— По большей мере я отказываюсь безоговорочно. По меньшей мере я отказываюсь твердо. Твердо, как горошина под матрасом.
— И на основании чего?
— Каком основании и где?
— На основании чего вы отказываетесь твердо, как горошина под матрасом?
— У нас слабое основание, мы на облаках.
— На каких облаках?
— Морали, — говорит наш коллега, — я отказываюсь на облаках морали.
— Это полный абсурд, — говорит надзирательша, нарезая круги по дирижаблю, заложив руки за спину. — Никогда не слышала о такой вещи, как мораль!
— Ну, все в жизни бывает в первый раз.
— Вы знаете последствия, которые влечет за собой неподчинение, не так ли?
— Знаю, — говорит наш коллега, твердо стоя на ногах.
Будут ли мои ноги так же тверды, как его, или даже как горошина под матрасом?

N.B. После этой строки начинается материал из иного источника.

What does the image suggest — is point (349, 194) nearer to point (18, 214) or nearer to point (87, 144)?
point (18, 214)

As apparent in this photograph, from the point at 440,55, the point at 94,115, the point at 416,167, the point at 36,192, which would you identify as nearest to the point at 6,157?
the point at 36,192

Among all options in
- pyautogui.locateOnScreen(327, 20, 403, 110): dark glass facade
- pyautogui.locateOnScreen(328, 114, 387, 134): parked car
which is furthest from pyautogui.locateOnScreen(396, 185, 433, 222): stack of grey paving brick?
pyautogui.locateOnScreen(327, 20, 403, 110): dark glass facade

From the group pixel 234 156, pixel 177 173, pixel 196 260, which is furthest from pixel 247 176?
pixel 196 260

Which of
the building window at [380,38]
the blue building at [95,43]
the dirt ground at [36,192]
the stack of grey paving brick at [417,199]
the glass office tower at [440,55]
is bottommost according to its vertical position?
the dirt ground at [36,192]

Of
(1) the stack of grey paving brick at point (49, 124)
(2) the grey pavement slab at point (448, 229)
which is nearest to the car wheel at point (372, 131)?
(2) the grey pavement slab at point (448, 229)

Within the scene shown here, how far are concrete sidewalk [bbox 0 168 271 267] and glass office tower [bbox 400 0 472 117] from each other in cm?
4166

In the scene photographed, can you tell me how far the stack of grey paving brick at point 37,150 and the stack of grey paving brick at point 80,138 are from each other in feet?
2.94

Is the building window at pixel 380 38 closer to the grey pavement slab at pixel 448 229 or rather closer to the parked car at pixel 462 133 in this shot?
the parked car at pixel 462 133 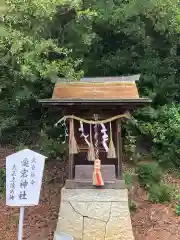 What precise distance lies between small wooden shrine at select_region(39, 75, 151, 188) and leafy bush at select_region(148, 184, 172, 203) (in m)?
1.31

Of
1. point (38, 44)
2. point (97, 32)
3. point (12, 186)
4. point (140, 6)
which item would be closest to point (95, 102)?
point (38, 44)

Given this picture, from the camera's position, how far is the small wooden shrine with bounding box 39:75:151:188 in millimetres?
8125

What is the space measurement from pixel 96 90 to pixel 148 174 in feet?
9.21

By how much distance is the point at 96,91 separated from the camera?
8555 millimetres

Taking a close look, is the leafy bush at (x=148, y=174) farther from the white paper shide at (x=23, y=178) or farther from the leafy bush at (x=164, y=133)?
the white paper shide at (x=23, y=178)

Мне еще не велели нажимать ни на одну кнопку, пока я не закончу обучение. Какие кнопки внутри меня будут нажаты этими кнопками?
— Очень хорошо, — говорит надзирательша, распахивает люк и выбрасывает нашего коллегу в облака морали. — Испортил все утро! — Она отряхивает руки и, качая головой, отправляется в свой кабинет, но снова оборачивается: — Гарольд, возьмешь на себя ничейные кнопки?
Гарольд кивает и опускается на свое место. Нажимает комбинации несколько раз подряд и роняет бомбу — кто знает куда, на что, на кого.
— Не смотри на меня так, — говорит он, но никто на него не смотрит.
Мы все смотрим на люк, который уже закрыт, зато наши рты подобны ему, только все еще распахнуты; мы думаем о том, как же легко туда попасть, в отличие от наших ртов, куда не попадает ничего.
Я думаю об упавшем временном, который, словно бомба, прошел через люк и летит вниз, и у меня возникает идея, своего рода план дирижабля, который может взорваться, если я не буду осторожна.
Ожерелье опять горит на моей шее.
— Что-то намечается, да? — спрашивает Председатель, устроившись на краю моей койки с горстью фисташек в руке.
— Как всегда, — отвечаю я, радуясь при виде знакомого лица.